Friday, December 08, 2017

Column As You See 'Em

Friday brings to mind an anniversary broadcast featuring one of my favorite artists at the peak of their legendary prime, captured on one of those fan-produced DVD packages that makes you wonder why they don't just take out the trash, put the folks that care in charge of the music industry, and be done with it already.
Today's half hour of sublime, exalted brilliance comes courtesy of a truly underrated artist people like me, who can't plug in an electric guitar without reaching for the delay pedal, think of as a bedrock pillar of our lives.
What makes Vini Reilly and The Durutti Column, his lifelong band and project, so unique and special is really the use of the guitar and, as in the finest Jazz, it really boils down to what isn't being played.
At the time he hit the scene in the late 1970s, so much of the guitar in popular music was amplified, electrified, distortofied and left your ears kinda fried. 
Vini Reilly's less-is-more, reflective, almost ambient approach to the instrument stood out like a shimmering, delicate leaf among the louder flora.
His opaque, spare lyrics added to the emphasis on subtlety and lend the music he made and continues to make an atmosphere of timelessness. 
At its best his whole aesthetic can consistently induce a state of meditative quietude in a world that often can sound a little bit like ten thousand fingernails on three thousand blackboards.
The thing is, it avoids the dentist's chair and stays out of the Muzak-attack, aural novocaine territory that often gets visited when the Fuzz Faces get unmarshalled and guitarists go for the subtler, less piercing tones in Rock music.

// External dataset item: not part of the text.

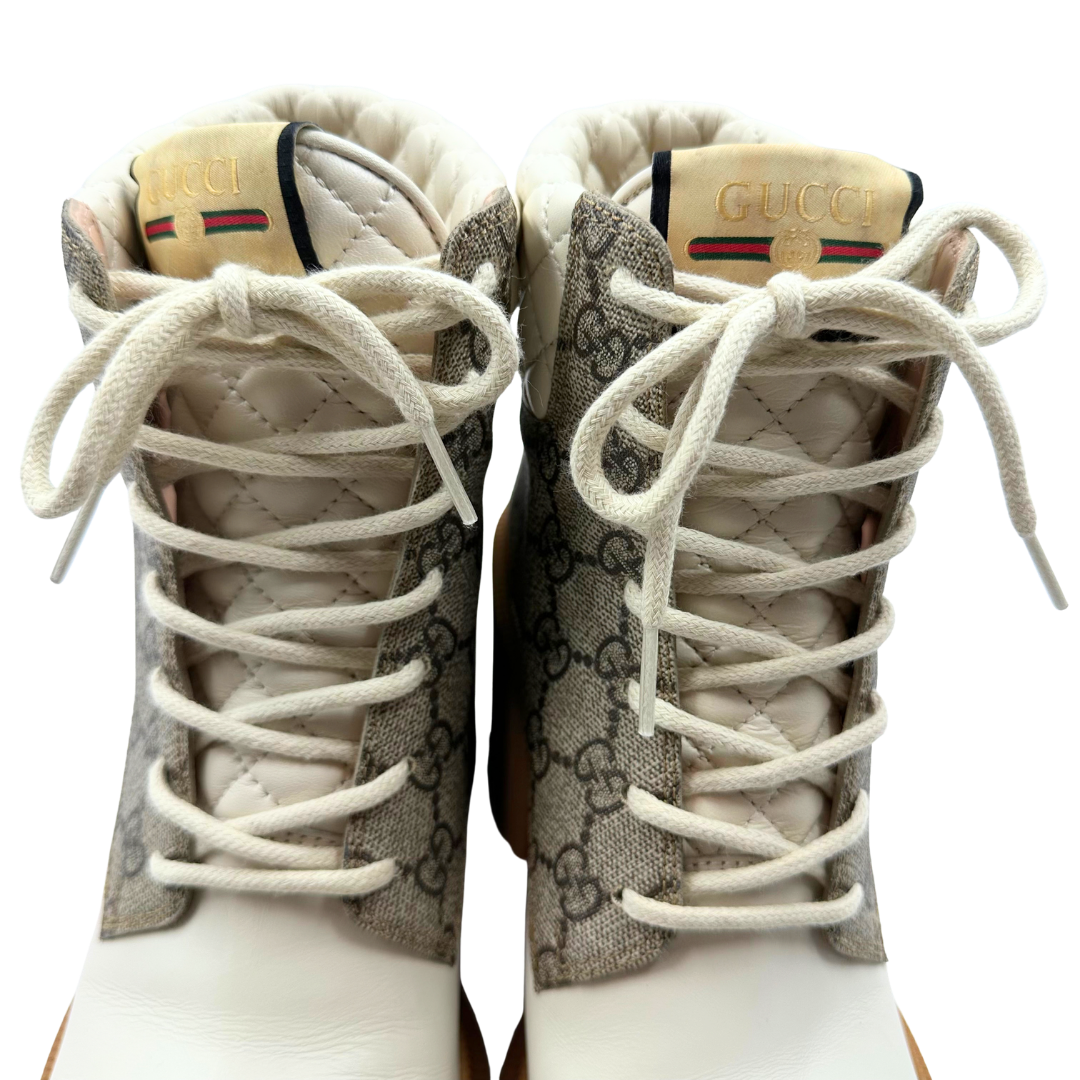 Gucci 39.5 Cream Boots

I'm thinking of the few that do it well and with consistent innovation and I get Mark Knopfler, Richard Thompson, and not too many others besides Vini Reilly.
This performance -- on the ridiculously tremendous Spanish TV music program La Edad De Oro -- dates from the time of The Durutti Column's initial run of seminal albums on Tony Wilson's well-chronicled Manchester, UK "Factory" label and was captured using a HiFi Betamax deck at the time of the original 1983 broadcast. 
It was then made into a PAL DVD -- part of a series the same fellow made of these shows from the mid-1980s -- that undeniably rival official releases in their video quality and packaging. I posted the Cabaret Voltaire one a while back and this one is just as magnificent in terms of how it's shot, the music and the way it's digitized.
The Durutti Column
"La Edad de Oro"
TVE Studios
Madrid, Spain
12.8.1983

01 Prayer
02 For Belgian Friends
03 A Little Mercy
04 Sketch For Summer
05 Self Portrait
06 The Missing Boy
plus a bonus interview with The Durutti Column
and an extra interview with and a performance clip of
Peter Murphy of Bauhaus from the same broadcast

Total time: 55:17

Vini Reilly - guitar + keyboards, vocals
Bruce Mitchell - drums
Maunagh Flemming - Cor Anglais

PAL DVD of a HiFi master Betamax capture of the original broadcast
1.46 GB PAL here
As noted, you can see this DVD also contains a bonus interview with all three of The Durutti Columnists and, even further, an interview with and a performance clip of Peter Murphy of Bauhaus fame, someone I will definitely get to someday in a post of his own, from the same 1983 broadcast.
I shall return in eight days with a truly incendiary concert and milestone birthday tribute to another obscenely underrated maestro of our mindscape, but for now you must get onto this vintage, glass bead glimpse into the wistful world of Vini Reilly and The Durutti Column, because the conventional music industry -- as rapidly fossilizing a dinosaur as anything to be found in the Museum of Natural History -- sure wouldn't know what it is or how to dig it out, dust it off and get it into the various brick-and-mortar and online museums to sell it to you.--J.